• [DATA]
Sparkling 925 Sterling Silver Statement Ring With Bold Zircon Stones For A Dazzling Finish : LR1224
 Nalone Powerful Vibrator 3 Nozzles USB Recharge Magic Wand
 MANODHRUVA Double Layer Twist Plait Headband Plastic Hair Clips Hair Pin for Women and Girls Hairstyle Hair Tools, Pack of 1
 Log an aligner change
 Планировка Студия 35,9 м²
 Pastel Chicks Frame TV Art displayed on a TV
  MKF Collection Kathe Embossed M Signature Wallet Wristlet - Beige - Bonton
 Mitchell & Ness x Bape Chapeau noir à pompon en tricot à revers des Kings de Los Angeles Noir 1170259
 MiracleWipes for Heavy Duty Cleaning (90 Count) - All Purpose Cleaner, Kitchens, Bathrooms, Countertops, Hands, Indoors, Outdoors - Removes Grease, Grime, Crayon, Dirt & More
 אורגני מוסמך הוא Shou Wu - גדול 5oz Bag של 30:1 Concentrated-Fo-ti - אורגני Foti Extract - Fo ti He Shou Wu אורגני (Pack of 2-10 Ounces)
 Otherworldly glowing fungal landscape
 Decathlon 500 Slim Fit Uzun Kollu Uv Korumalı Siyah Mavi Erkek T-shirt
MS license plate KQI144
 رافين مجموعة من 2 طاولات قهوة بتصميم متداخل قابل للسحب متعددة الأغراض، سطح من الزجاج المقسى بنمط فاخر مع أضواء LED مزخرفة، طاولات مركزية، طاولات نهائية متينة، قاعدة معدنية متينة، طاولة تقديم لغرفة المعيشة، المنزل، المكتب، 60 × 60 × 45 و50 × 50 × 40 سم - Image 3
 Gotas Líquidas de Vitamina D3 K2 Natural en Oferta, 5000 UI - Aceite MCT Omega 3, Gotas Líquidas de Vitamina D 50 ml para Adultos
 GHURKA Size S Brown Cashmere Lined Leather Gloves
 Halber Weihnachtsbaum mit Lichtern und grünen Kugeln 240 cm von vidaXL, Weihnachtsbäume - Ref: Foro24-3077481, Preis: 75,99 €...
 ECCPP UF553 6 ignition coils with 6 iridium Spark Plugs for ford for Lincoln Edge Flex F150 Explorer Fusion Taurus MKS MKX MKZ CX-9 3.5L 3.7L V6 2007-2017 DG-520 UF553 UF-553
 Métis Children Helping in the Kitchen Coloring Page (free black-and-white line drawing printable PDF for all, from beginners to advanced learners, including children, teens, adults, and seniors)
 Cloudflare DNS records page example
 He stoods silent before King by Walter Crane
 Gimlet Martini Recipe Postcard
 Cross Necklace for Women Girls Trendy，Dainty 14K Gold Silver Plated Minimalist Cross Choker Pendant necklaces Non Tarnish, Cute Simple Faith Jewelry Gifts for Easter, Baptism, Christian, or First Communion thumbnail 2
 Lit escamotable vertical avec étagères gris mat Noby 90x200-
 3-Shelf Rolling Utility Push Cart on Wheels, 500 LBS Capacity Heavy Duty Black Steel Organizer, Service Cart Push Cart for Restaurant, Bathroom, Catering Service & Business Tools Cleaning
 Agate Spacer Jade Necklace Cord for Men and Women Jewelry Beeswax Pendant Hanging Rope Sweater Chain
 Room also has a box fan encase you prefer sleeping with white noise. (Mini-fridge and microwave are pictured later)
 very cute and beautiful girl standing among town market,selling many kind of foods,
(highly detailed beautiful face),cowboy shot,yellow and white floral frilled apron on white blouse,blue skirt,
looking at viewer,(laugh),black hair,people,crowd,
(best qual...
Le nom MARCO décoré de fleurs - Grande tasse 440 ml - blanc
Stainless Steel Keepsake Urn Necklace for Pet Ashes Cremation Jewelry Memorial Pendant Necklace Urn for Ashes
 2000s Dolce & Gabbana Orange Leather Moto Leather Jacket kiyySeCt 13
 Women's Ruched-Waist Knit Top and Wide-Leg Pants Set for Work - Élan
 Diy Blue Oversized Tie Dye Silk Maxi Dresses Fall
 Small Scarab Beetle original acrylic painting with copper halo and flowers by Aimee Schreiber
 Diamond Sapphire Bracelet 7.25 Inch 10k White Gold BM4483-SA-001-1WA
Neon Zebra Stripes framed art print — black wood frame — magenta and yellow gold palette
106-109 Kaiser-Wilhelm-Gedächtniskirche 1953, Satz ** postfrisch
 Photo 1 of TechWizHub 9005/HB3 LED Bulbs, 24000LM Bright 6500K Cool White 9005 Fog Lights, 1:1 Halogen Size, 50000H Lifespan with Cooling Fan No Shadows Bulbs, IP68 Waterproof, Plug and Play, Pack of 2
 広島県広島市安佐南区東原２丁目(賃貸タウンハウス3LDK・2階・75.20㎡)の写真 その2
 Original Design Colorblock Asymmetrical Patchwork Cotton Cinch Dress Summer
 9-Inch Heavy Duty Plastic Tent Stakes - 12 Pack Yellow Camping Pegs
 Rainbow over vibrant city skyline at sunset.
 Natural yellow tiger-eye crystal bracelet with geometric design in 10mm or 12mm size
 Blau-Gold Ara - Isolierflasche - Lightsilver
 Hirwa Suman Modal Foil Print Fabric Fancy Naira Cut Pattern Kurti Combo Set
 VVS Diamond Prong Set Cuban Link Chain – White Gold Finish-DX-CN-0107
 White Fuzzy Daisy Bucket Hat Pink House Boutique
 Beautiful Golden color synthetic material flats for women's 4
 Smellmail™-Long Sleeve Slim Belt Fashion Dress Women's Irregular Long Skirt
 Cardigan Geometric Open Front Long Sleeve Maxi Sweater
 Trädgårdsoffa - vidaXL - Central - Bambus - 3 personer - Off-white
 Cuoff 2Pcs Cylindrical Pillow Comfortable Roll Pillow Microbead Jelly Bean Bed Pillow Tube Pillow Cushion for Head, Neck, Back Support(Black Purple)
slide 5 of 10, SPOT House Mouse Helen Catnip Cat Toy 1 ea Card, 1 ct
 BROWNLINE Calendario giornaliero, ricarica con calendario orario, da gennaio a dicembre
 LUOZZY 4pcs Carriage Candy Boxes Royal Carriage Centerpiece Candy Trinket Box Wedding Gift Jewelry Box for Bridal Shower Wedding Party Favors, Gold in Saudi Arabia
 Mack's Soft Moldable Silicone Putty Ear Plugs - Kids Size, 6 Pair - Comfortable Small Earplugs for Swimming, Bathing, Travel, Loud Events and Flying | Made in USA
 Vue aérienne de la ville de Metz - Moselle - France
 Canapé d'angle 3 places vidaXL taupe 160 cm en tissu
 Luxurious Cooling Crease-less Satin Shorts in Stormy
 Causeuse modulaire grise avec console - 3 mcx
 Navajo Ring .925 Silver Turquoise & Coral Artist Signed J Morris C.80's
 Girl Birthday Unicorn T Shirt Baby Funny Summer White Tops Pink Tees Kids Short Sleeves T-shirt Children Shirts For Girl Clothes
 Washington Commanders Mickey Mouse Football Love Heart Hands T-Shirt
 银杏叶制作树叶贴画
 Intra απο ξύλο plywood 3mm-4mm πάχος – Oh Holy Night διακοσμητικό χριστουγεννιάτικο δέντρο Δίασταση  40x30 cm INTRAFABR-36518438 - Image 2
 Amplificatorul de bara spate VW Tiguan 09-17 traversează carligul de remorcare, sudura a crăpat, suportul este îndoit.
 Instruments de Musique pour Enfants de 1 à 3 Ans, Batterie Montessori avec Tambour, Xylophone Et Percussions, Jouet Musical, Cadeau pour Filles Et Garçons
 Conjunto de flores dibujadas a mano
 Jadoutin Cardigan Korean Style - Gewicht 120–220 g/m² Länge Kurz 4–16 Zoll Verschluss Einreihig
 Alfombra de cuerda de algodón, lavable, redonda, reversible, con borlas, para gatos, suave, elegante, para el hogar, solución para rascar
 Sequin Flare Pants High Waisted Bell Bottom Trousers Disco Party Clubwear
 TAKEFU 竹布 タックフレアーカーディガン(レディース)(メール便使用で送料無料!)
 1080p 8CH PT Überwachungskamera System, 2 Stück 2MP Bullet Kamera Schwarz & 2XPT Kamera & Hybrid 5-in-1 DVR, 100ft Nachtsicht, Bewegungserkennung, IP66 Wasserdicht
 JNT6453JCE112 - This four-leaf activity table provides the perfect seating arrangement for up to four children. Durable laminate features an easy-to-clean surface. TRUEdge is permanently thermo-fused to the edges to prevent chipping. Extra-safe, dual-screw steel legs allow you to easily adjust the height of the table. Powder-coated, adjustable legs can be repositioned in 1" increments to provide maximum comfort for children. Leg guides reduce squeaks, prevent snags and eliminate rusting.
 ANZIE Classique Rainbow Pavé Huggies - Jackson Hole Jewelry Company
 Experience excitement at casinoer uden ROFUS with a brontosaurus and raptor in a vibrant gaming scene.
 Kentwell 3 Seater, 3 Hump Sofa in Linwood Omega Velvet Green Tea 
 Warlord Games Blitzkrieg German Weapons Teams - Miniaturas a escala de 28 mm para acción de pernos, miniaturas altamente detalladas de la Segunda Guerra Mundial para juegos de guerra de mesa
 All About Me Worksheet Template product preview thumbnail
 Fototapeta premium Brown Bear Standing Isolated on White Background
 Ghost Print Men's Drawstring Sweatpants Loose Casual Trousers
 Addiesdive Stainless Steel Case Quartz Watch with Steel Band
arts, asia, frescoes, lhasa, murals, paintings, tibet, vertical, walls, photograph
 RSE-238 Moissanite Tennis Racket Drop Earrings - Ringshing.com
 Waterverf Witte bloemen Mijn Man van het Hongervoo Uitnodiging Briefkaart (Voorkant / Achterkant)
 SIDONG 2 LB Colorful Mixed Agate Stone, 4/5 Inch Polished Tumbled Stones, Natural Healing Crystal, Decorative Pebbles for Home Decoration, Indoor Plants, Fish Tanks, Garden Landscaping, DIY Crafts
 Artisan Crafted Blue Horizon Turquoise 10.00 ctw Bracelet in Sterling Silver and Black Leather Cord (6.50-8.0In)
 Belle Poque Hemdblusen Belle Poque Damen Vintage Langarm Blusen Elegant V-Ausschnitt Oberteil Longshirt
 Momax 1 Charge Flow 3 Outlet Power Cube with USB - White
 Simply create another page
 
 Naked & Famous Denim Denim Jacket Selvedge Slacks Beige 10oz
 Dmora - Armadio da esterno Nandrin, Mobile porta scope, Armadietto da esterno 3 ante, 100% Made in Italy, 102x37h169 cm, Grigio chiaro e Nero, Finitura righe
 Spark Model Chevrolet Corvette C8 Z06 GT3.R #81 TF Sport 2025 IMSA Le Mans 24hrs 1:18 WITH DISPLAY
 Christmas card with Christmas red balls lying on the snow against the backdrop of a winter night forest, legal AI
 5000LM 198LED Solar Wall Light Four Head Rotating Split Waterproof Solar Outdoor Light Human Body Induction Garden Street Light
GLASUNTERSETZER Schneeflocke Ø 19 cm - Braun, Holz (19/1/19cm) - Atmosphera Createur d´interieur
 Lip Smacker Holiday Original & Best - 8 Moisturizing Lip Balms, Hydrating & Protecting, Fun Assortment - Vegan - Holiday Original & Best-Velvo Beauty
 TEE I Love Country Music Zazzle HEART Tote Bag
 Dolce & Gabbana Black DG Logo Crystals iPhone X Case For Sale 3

• [EXERCISE DIRECTIONS] The listing above holds a line with "106-109 Kaiser-Wilhelm-Gedächtniskirche 1953, Satz" and a line with "Photo 1 of TechWizHub". Print the stretch from the first through the second, exactly and alone.

• [OUTPUT OF THE TASK]
106-109 Kaiser-Wilhelm-Gedächtniskirche 1953, Satz ** postfrisch
 Photo 1 of TechWizHub 9005/HB3 LED Bulbs, 24000LM Bright 6500K Cool White 9005 Fog Lights, 1:1 Halogen Size, 50000H Lifespan with Cooling Fan No Shadows Bulbs, IP68 Waterproof, Plug and Play, Pack of 2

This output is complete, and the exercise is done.